- ASSIGNED TASK: Excluding pictures, what does the listing below contain from the line with "a hotel room" up to and including the line with "Apartamento | Cozinha", word for word?

- DATASET RECORDS:
"""

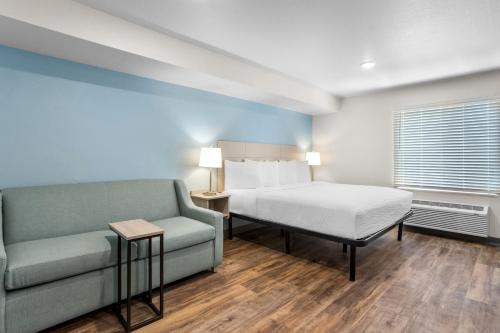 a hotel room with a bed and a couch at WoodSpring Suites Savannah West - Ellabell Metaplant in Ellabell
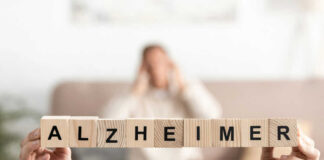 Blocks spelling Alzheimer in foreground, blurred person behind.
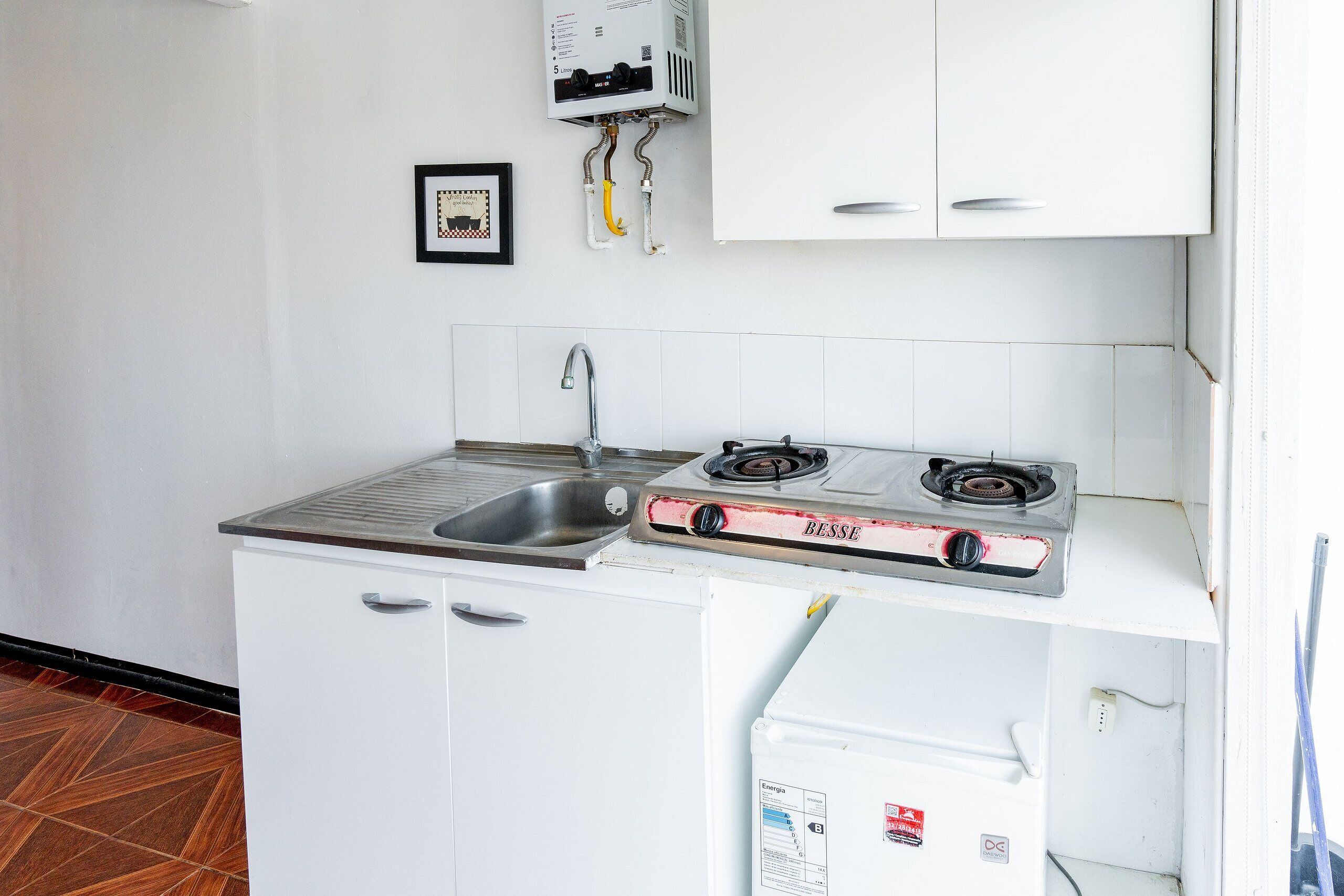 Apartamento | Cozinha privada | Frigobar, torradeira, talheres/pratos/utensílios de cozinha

"""
"""

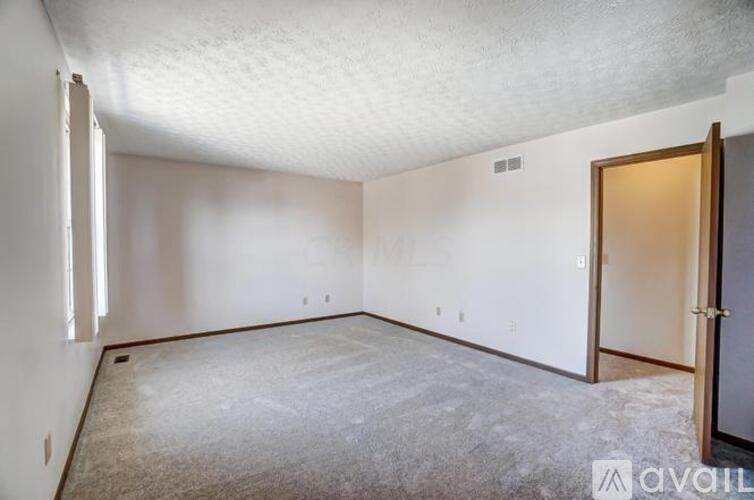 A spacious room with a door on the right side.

"""

- EXERCISE SOLUTION:
 a hotel room with a bed and a couch at WoodSpring Suites Savannah West - Ellabell Metaplant in Ellabell
 Blocks spelling Alzheimer in foreground, blurred person behind.
 Apartamento | Cozinha privada | Frigobar, torradeira, talheres/pratos/utensílios de cozinha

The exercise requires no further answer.